Dans les milieux concernés, les sentiments varient entre l’incompréhension totale et la colère, en passant par l’inquiétude. Car c’est tout un pan de produits fabriqués localement et de produits importés qui risquent de disparaître des rayons si la loi est appliquée dans toute sa rigueur… « Nous avons eu moratoire sur moratoire. Il aurait fallu avancer par étapes avec le plastique. Pour les autorités, c’est plus facile de bannir un produit sans réfléchir aux conséquences plutôt que de venir de l’avant avec une vraie politique de recyclage des déchets plastiques, qui serait financée par toute la chaîne de production et de distribution jusqu’au consommateur, et dont l’objectif serait de graduellement réduire les déchets plastiques.

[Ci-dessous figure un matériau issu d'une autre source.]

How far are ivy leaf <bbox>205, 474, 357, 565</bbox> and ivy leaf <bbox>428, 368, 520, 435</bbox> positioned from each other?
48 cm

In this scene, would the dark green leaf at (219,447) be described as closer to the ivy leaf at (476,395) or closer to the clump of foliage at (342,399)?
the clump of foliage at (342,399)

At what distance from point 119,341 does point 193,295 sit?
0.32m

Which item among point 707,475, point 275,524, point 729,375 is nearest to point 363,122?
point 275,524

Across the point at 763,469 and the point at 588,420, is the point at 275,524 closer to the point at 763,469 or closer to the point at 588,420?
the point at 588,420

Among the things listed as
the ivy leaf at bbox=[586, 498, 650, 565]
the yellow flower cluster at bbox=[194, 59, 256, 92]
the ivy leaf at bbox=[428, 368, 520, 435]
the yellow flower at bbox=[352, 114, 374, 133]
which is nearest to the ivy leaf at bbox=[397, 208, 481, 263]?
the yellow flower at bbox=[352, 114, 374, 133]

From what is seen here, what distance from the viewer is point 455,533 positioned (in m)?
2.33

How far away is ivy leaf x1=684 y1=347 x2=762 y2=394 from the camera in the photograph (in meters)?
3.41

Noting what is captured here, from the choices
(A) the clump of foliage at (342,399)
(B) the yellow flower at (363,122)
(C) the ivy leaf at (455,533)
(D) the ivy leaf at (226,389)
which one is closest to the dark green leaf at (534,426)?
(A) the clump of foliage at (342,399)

Mais le gouvernement a préféré la facilité », explique le directeur d’un supermarché.

Un autre gérant de supermarché et qui, lui aussi, préfère garder l’anonymat pour éviter des représailles, déclare : « Comme d’habitude, tout a été mal planifié, et c’est la cacophonie ! Cette loi défavorise beaucoup d’entreprises et il y a beaucoup de flou sur les différents produits, à commencer par la charcuterie. Au ministère, personne n’est capable de nous dire exactement les produits qu’on a le droit de vendre ou pas. D’ailleurs, vous aurez remarqué que dans des supermarchés, certains produits ont disparu. »

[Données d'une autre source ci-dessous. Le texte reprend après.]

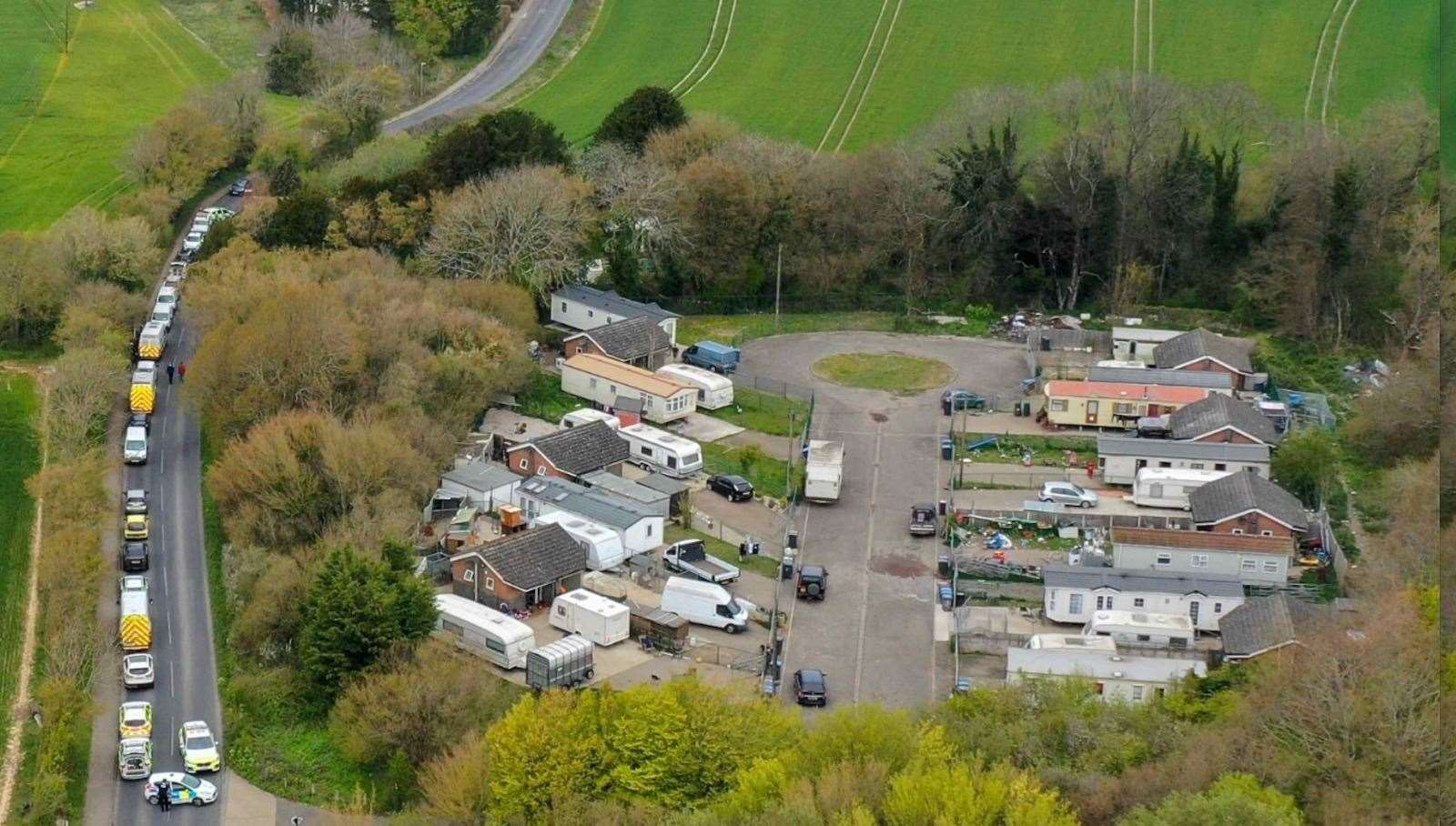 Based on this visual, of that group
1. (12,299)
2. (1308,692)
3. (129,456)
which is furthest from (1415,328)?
(12,299)

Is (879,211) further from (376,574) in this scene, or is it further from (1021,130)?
(376,574)

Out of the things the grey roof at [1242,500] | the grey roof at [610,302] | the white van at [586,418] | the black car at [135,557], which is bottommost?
the black car at [135,557]

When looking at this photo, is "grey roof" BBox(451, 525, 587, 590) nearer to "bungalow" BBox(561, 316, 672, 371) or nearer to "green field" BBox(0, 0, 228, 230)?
"bungalow" BBox(561, 316, 672, 371)

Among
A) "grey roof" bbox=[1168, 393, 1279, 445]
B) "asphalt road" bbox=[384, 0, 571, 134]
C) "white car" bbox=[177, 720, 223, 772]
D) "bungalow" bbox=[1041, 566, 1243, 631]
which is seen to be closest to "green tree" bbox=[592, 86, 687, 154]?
"asphalt road" bbox=[384, 0, 571, 134]

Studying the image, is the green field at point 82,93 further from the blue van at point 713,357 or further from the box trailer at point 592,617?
the box trailer at point 592,617

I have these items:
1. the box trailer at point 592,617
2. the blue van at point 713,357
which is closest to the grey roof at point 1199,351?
the blue van at point 713,357

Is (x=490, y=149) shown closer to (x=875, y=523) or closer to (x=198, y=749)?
(x=875, y=523)

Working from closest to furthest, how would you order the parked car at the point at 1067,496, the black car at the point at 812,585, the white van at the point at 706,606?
the white van at the point at 706,606 < the black car at the point at 812,585 < the parked car at the point at 1067,496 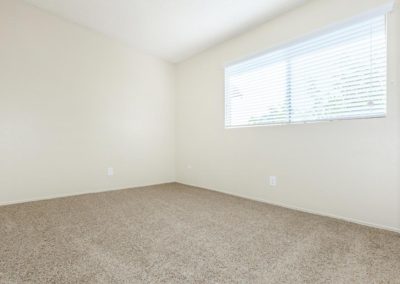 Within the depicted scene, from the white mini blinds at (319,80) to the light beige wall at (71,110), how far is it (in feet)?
5.36

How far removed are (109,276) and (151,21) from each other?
281cm

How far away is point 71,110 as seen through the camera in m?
2.94

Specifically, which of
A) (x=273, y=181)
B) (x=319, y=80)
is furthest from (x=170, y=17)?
(x=273, y=181)

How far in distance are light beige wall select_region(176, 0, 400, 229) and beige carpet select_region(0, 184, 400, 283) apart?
23 centimetres

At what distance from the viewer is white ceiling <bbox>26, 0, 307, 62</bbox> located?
2.42 meters

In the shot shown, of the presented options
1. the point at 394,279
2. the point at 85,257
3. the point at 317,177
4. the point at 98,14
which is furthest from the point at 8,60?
the point at 394,279

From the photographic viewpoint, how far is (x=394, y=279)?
1.15m

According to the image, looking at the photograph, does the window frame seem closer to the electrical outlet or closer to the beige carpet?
the electrical outlet

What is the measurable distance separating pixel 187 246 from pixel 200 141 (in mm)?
2223

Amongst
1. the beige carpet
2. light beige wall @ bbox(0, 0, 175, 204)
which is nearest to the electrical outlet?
the beige carpet

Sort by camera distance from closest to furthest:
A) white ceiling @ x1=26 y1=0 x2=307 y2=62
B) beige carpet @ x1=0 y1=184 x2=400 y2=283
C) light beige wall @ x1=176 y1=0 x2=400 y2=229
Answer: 1. beige carpet @ x1=0 y1=184 x2=400 y2=283
2. light beige wall @ x1=176 y1=0 x2=400 y2=229
3. white ceiling @ x1=26 y1=0 x2=307 y2=62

Dans certaines grandes surfaces, on peut même voir de petites notes trônant devant des rayons vides, suivant l’entrée en vigueur de la nouvelle loi sur le plastique depuis le 15 avril. Des notes disant que la direction du supermarché s’excuse d’avoir été obligée d’enlever les produits concernés des rayons à cause de la nouvelle loi… « Que ce soit le ministère du Commerce, les inspecteurs de l’environnement ou la police régulière, personne ne sait sur quel pied danser. Et moi, par précaution, j’ai préféré refuser ces produits à mes fournisseurs afin de ne pas les présenter sur mes rayons pour éviter des ennuis. Mais ce n’est pas faisable de procéder ainsi. Il aurait fallu s’y prendre autrement et par étapes. »

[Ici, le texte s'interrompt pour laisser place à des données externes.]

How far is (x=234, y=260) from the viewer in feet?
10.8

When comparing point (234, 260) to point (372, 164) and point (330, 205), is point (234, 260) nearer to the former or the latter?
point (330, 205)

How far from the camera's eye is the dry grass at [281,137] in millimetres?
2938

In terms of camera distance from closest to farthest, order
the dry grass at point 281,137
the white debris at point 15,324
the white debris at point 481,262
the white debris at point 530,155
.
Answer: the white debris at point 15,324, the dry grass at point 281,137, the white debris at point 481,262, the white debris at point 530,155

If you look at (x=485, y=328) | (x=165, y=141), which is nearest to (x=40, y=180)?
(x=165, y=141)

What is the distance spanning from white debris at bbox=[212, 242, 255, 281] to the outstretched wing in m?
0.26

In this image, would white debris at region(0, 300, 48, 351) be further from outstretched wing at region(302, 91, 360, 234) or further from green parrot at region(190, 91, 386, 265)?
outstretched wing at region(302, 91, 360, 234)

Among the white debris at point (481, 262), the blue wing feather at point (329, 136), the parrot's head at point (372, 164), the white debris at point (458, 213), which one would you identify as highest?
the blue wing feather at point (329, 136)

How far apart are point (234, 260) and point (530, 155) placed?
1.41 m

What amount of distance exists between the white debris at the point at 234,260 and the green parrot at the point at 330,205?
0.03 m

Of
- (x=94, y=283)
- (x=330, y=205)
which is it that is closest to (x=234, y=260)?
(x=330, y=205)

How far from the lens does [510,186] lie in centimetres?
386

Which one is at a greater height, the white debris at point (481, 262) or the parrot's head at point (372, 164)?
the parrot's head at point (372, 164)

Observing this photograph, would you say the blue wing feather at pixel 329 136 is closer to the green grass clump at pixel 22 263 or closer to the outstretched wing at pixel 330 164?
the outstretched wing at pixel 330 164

Du côté des fabricants locaux également, le stress monte. Certains déplorent que « certaines provisions de la loi sont floues et discriminatoires ». Par exemple, un opérateur mauricien emballe des lardons en barquette en plastique et se retrouve en difficulté. La loi ne permet plus d’importer ces barquettes seules, l’opérateur ne sait pas commencer à emballer son produit et, le comble, c’est que des produits similaires sont autorisés à entrer au pays. « Finalement, la loi pénalise l’industrie locale, car le gouvernement a indiqué que les produits importés peuvent continuer à entrer », souligne cet opérateur.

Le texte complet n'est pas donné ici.